Kita pernah ada diposisi yang sama, namun kini aku bisa mendapatkan jawabannya. Tanpa perlu mencari. Sementara kau masih dalam kurungan tanda tanya yang masih menghantui dirimu. Aku tahu bagaimana rasanya. Sehingga kau harus mencari lagi jawabannya. Dan menjadikanku hanya sebagai persinggahan sementaramu untuk melepas lelah. Setelah kepergianmu membuatku kini harus memilih menjadi Agen Neptunus sesungguhnya. Tugasku sekarang menuliskan apa yang aku rasakan untuk kusampaikan pada Neptunus dengan bentuk perahu kertas. Kualirkan dimana terdapat aliran air, yang aku yakini kalau nantinya semua aliran itu akan berakhir dilautan dan semoga sampai kepadamu, Neptunus.

Kesatriaku, selamat jalan. Paculah kudamu sampai kau temukan titik itu. Titik atas akhir dari semua jawaban tanda tanyamu. Titik atas akhir belenggu nostalgiamu atas putri yang meninggalkanmu tanpa surat itu. Yang wajahnya masih berseri didepan mata fikiranmu. Selamat menikmati titik gravitasi yang menarikmu kembali kedalam jurangnya. Perjuanganmu untukku memang cukup sampai disini. Kontrakmu untuk ada di istanaku memang sampai disini.

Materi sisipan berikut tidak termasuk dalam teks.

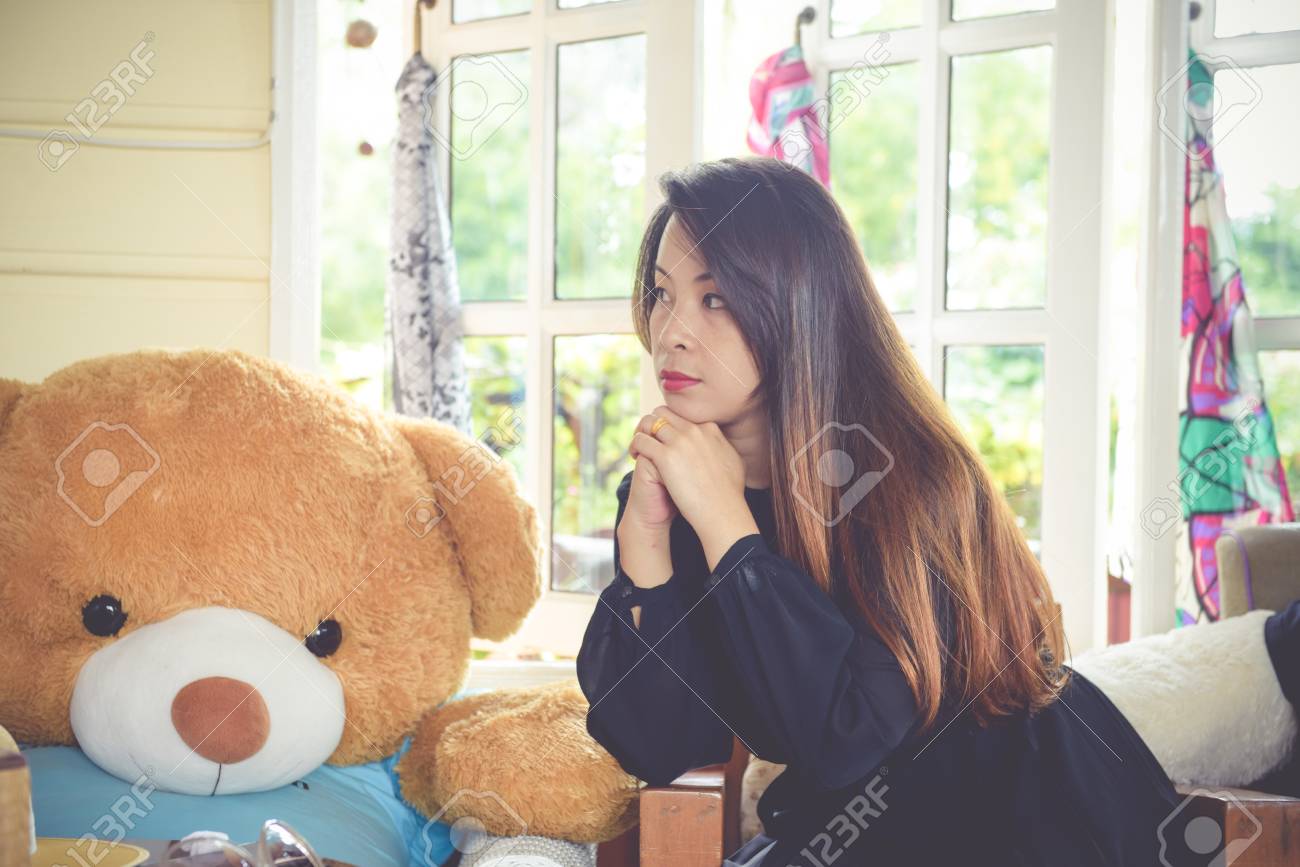 黒い服を着て女性ドレス カフェでモデル化されました の写真素材 画像素材 Image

Kesatriaku, menaraku akan selalu terbuka untukmu. Dan ketika kau lelah dan ingin kembali. Kembalilah. Aku akan tetap ada didalam menara ini untuk menunggumu sekuat yang aku mampu dalam matiku. Kehilanganmu memang sudah jalanku, entah sekarang ataupun nanti rasanya akan sama saja. Perih. Ini hanya masalah waktu.